You retrieve data from your repositories (such as databases, file systems, Web sites, and email) by using IDOL Connectors. The connector contacts and retrieves data from these repositories.
Ingest uses an embedded version of KeyView to detect the file format, and process it accordingly. For example, it might extract text from text-based files, perform Optical Character Recognition (OCR) on images to find text, or use speech-to-text on video to convert audio to text.
In a wider IDOL setup, the ingest components can send the text data to your IDOL index. You can also use IDOL ingest without an IDOL text index to extract and process content from your repositories.

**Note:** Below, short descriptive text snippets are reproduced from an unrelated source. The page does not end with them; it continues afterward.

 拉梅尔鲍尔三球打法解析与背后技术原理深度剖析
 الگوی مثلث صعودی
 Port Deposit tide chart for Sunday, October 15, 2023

IDOL Ingest and its connectors are available in two formats:
-
IDOL NiFi Ingest is a newer format based on Apache NiFi, where the connectors and ingest component are all available in one place, accessible with a Web user interface. You can use the interface to create complex workflows and manage all your connectors, data enrichment, and document flows.
-
Connector Framework Server (CFS) is the older, ACI server-based ingest component (see ACI Servers). In this case, all the connectors are also ACI servers, and it performs much of its data enrichment by connecting to other IDOL ACI servers, such as Media Server and Category.
In addition to retrieval, many connectors have additional features such as:
-
view and browse all the documents in a particular repository.
-
access the repository to view the original documents.
-
retrieve documents and push them to a different repository.
ACI Servers
ACI servers are IDOL components that use a common interface, the ACI API. ACI servers use a Web API framework that allows you to send HTTP requests (known as actions), and return XML responses.
ACI servers share a lot of common configuration concepts, and many standard actions.
IDOL Server
IDOL Server refers to a set of components that together perform most of the IDOL Text Analytics back end functionality.
The following components are part of IDOL Server:
-
Content. Text indexing and query.
-
Category. Categorization and clustering.
-
Community. User management and security.
-
View. HTML document viewing for Web browsers.
IDOL Server also includes an Agentstore component, which is a separately configured Content component for storing agents and categories.
In very simple training and testing environments, you can use these components in a unified form with an IDOL Proxy component. In this case you send all actions to IDOL Proxy, which distributes them to the appropriate component.
In production environments, OpenText recommends that you send actions directly to the appropriate component, without using IDOL Proxy. The component-based setup improves scalability and reduces overhead, as well as making it easier to maintain and configure your system.
Distributed Systems
It is often advisable or useful to install an IDOL system across multiple servers. This kind of setup is known as a distributed system.
For IDOL Text, there are two ACI server components that manage indexing and querying over a distributed index. These are the Distributed Index Handler (DIH) and Distributed Action Handler (DAH).
You can also use other common networking tools to distribute the stateless parts of your IDOL system, for example for load-balancing.
IDOL Security
IDOL provides methods to secure access to your data, and communications between different users and components.
-
User authentication. At the front end, users must log on before they can query IDOL. IDOL can authenticate users against an existing directory service, such as Microsoft Active Directory.
-
Document security. Many data repositories have security features that apply permissions to files, so that only authorized users can view them. IDOL Document security maintains these access restrictions in your IDOL index, so that queries return only documents that the logged-in user has permission to view.
-
Index Encryption. You can encrypt your IDOL text index on disk, to prevent unauthorized access. For more information about index encryption, refer to the IDOL Content Component Help.
-
Secure communications. IDOL supports TLS/SSL for secure communications. IDOL also supports GSSAPI for authentication and secure communications.